[PATCH] D41423: [Lex] Avoid out-of-bounds dereference in LexAngledStringLiteral.
Richard Smith - zygoloid via Phabricator via cfe-commits
cfe-commits at lists.llvm.org
Thu Jan 11 13:29:01 PST 2018
rsmith accepted this revision.
rsmith added inline comments.
================
Comment at: clang/lib/Lex/Lexer.cpp:2012-2015
+ // Skip escaped characters. Escaped newlines will already be processed by
+ // getAndAdvanceChar.
+ if (C == '\\')
+ C = getAndAdvanceChar(CurPtr, Result);
----------------
vsapsai wrote:
> rsmith wrote:
> > You can just delete these four lines entirely.
> It will make Clang reject previously accepted `#include <test\>escape.h>` That's what we want, right? I agree with having no support for such file names, just want to confirm. For the reference, proposed change would match gcc 5.4.0 behaviour. gcc 6.1 and higher rejects such include too but in a different way.
Hmm. I thought so, but on further inspection this area is more subtle than I'd anticipated.

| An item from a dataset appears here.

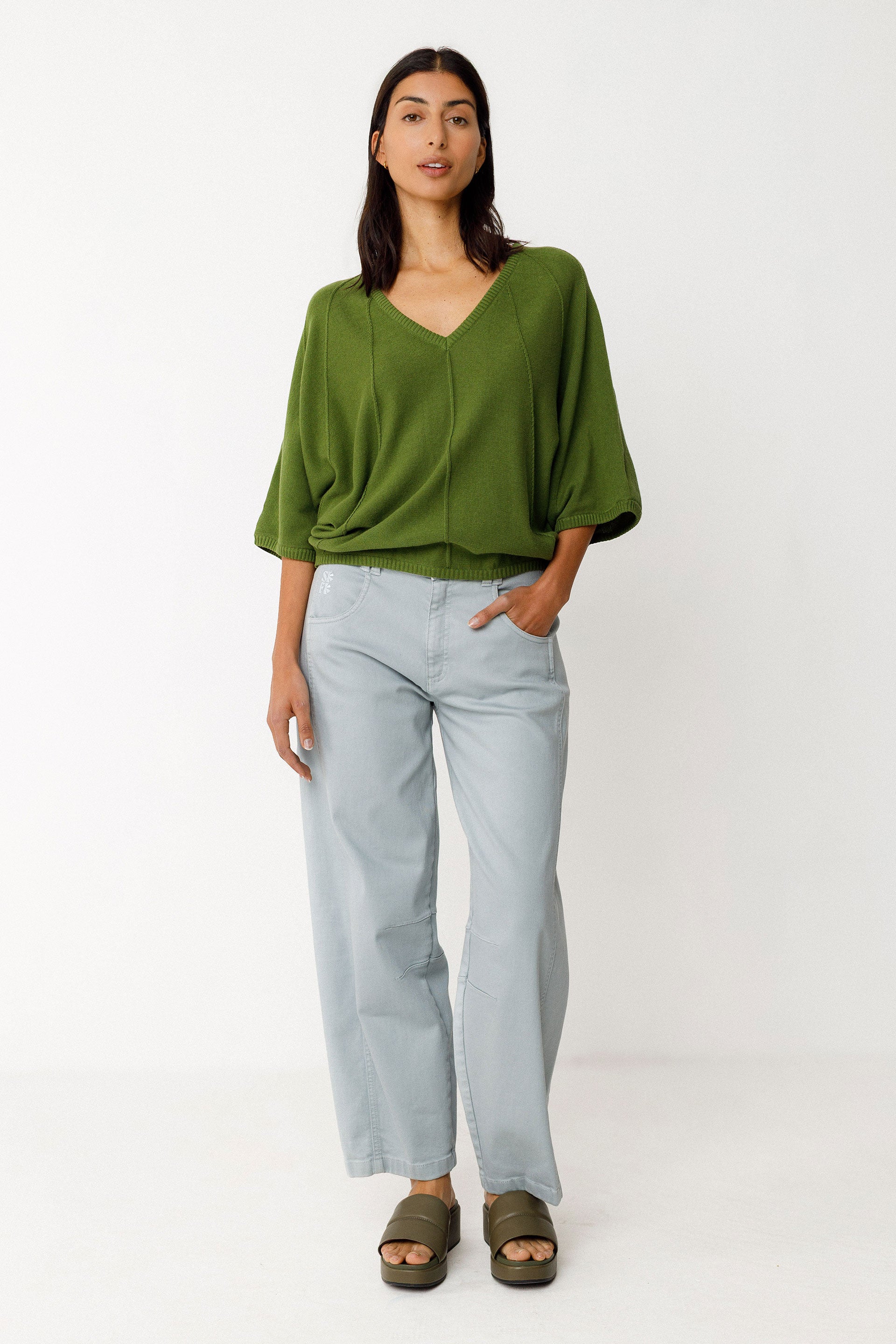 Maglione Olaia Verde Scuro Donna Cotone Gots | Skfk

It's *permissible* to reject that. In C++, [lex.header]p2 says: "The appearance of [...] the character[...] `\` [...] in a //q-char-sequence// or an //h-char-sequence// is conditionally-supported with implementation-defined semantics". C11 6.4.7/3 has similar wording but makes the behavior undefined in that case. (Both GCC's behavior and Clang's behavior are permitted by these rules.)
Clang's handling of the `#include "q-char-sequence"` form behaves the same as its handling of the `#include <h-char-sequence>` form today: the header name is *not* terminated by a `"` or `>` (respectively) that is preceded by an odd number of `\`s. Retaining this consistency of behavior seems like a good idea.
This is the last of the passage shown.